I have summarized a sequence diagram based on my study and hope it can be helpful to someone who comes to this thread.
For more details, you can check the blog mentioned.
I have written a small blog post around SSL Handshake between the server/client. Please feel free to take a look.
SSL Handshake
A small snippet from the same is as follows:
"Client makes a request to the server over HTTPS. Server sends a copy of its SSL certificate + public key. After verifying the identity of the server with its local trusted CA store, client generates a secret session key, encrypts it using the server's public key and sends it. Server decrypts the secret session key using its private key and sends an acknowledgment to the client. Secure channel established."

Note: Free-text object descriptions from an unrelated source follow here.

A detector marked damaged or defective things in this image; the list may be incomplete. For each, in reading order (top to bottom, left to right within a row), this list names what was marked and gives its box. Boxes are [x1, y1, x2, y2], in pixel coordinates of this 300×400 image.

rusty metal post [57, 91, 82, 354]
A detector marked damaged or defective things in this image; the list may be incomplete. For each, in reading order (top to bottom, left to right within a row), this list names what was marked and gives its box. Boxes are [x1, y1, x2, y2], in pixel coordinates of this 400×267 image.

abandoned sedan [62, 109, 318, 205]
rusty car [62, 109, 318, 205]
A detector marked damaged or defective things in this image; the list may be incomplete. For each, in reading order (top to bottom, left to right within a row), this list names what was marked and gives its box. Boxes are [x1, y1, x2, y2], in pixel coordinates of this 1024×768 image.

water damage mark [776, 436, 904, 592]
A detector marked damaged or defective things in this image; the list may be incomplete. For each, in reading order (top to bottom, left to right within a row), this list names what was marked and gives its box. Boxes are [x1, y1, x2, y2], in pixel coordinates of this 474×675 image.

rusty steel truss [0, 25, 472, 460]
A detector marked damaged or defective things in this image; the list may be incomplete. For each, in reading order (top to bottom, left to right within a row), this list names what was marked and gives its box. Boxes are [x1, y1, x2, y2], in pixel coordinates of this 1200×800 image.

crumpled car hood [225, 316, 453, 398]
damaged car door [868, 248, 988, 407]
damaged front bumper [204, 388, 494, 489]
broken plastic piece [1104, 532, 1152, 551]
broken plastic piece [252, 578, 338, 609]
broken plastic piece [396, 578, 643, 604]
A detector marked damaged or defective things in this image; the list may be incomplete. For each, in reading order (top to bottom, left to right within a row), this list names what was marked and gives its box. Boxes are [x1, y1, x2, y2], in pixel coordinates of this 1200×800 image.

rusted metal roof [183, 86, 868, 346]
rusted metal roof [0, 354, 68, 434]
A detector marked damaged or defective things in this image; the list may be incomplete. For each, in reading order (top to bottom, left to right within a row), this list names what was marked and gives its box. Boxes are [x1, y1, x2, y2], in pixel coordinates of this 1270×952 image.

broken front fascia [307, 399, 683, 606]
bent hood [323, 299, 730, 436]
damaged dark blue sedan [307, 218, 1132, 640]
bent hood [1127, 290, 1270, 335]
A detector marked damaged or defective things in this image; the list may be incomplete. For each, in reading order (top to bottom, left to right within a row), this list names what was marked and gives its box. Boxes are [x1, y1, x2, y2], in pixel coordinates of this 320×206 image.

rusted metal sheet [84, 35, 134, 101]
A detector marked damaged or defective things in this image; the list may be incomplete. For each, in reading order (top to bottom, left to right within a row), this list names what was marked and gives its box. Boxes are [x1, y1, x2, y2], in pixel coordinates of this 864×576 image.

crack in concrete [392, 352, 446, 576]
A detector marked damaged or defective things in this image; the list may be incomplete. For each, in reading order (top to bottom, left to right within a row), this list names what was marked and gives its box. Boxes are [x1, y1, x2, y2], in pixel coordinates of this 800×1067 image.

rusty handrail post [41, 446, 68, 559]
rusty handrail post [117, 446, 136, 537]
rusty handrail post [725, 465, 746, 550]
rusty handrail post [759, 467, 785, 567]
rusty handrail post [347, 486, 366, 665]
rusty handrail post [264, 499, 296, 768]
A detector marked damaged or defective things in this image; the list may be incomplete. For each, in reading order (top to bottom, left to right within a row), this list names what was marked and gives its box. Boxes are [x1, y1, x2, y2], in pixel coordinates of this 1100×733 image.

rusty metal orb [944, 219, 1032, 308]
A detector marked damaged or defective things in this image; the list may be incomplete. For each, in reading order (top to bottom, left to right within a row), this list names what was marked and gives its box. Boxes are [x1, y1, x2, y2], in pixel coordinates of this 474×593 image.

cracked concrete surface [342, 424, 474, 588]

It also describes the symmetric/asymmetric encryption which is used for SSL certificates and data transfer once secure transport is established.
For detailed explanation of SSL, see https://www.ietf.org/rfc/rfc2246.txt
Here are the brief ideas of SSL to answer your question:
1) Using certificates to authenticate. Server certificate is a must and client certificate is optional (only when the server requests it). A certificate is like something to prove who you are and it also contains a public key for asymmetric encryption.
2) Using asymmetric encryption (with public key in the server certificate) to establish a shared symmetric key which is used to transfer data between client and server securely by symmetric encryption (for performance reason because symmetric encryption is faster than asymmetric encryption).
The shared symmetric key is established by exchanging a premaster secret from client side (encrypted with server public key) and is derived from the pre-master secret together with client random and server random (thanks #EJP for pointing this out in the comment):
master_secret = PRF(pre_master_secret, "master secret",
ClientHello.random + ServerHello.random)
We need the server random and client random to prevent replay attacks that an attacker can capture the previous session and replay it for the new session.
What I don't understand is, couldn't a hacker just intercept the
public key it sends back to the "customer's browser", and be able to
decrypt anything the customer can.
The hacker cannot decrypt the message since he does not know the server private key. Be aware that public key cannot be used to decrypt the message.